New Glarus Public Library Receives Two Grants
The library received two grants from the New Glarus Community Foundation that will support community art projects for people of all ages to enhance the new library building.
The first grant of $5,353 will fund a community-wide art project encouraging residents to reflect on and share personal experiences of the year 2020. Titled, ‘Mapping Our Community: Perspectives and stories from a world transformed’, the project will provide materials and instructions for area residents to draw, paint or collage maps of New Glarus using various media on paper. Participants will record memories and tell stories on their maps, showing how their priorities have shifted in the year 2020. Each map will be shared on the ‘Mapping Our Community’ website and a number of these artful maps will be selected for long-term display at the new library.
Library Board Trustee Shelly Truttmann is excited to see art made by community residents; she stated, “When they’re exhibited together, the maps will reveal the interconnections that exist between all of us, even through times of isolation.”

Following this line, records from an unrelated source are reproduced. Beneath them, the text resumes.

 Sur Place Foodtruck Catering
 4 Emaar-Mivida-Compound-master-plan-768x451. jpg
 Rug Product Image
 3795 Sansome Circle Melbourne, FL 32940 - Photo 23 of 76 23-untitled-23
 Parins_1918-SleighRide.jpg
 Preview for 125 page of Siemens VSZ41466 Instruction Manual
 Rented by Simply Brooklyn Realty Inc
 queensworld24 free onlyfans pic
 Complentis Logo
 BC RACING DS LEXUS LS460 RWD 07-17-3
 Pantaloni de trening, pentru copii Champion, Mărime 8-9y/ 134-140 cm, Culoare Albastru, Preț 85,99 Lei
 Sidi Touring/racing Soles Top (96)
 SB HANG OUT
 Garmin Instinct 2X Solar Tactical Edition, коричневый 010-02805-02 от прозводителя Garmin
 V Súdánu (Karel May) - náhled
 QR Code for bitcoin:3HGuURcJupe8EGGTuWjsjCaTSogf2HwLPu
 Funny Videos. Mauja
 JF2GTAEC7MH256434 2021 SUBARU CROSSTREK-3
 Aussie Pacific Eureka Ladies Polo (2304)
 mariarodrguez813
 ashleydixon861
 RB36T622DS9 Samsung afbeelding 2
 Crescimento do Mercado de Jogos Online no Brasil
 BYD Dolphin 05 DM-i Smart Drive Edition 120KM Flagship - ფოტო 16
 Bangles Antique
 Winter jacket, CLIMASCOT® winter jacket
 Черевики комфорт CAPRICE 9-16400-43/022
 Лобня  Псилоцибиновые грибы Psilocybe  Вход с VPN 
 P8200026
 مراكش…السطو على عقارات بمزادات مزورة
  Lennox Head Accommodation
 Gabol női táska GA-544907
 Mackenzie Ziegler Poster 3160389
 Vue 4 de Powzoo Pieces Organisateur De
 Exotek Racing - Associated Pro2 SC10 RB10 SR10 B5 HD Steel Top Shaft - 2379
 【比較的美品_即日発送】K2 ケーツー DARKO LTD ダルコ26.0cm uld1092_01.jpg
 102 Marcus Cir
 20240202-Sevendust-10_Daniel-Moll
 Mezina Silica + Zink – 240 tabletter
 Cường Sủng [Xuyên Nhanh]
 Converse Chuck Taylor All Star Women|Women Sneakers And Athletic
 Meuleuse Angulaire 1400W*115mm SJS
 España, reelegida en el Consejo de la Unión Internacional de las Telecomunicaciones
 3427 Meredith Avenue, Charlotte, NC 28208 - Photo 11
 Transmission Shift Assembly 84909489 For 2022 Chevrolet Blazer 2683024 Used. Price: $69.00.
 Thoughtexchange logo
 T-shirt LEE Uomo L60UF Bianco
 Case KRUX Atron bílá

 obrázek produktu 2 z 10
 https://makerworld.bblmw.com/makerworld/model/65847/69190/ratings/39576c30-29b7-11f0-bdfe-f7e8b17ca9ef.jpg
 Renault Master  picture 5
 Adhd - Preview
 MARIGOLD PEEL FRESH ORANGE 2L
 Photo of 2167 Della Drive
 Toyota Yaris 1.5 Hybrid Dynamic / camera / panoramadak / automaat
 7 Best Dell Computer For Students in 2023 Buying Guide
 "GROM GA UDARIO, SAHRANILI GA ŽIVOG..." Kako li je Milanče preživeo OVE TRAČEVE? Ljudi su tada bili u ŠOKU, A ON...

The second grant of $2,932 will support a project titled, ‘Mapping Our Community: Middle School Perspectives’. A partnership between the library and the New Glarus Middle School will bring together art teachers, social studies teachers, experts, local artists and historians to help students learn more about their world. Students will work individually and collaboratively to draw, paint, stitch and carve maps of the New Glarus area using various media. These artistic maps will be installed in the new library to showcase youthful perspectives of the village of New Glarus.
Photos of the middle school maps will be posted on the ‘Mapping Our Community’ website. Also, the pieces will be presented to the public through “show-and-tell” events and installed for long-term display at the new library.
Library Director Holly Lague and Library Board Trustee Beth Blahut accept the award of two grants from the Community Foundation of Southern Wisconsin. The grants provide a combined total of $8,285 to support community art projects for all ages that will enhance the new library building.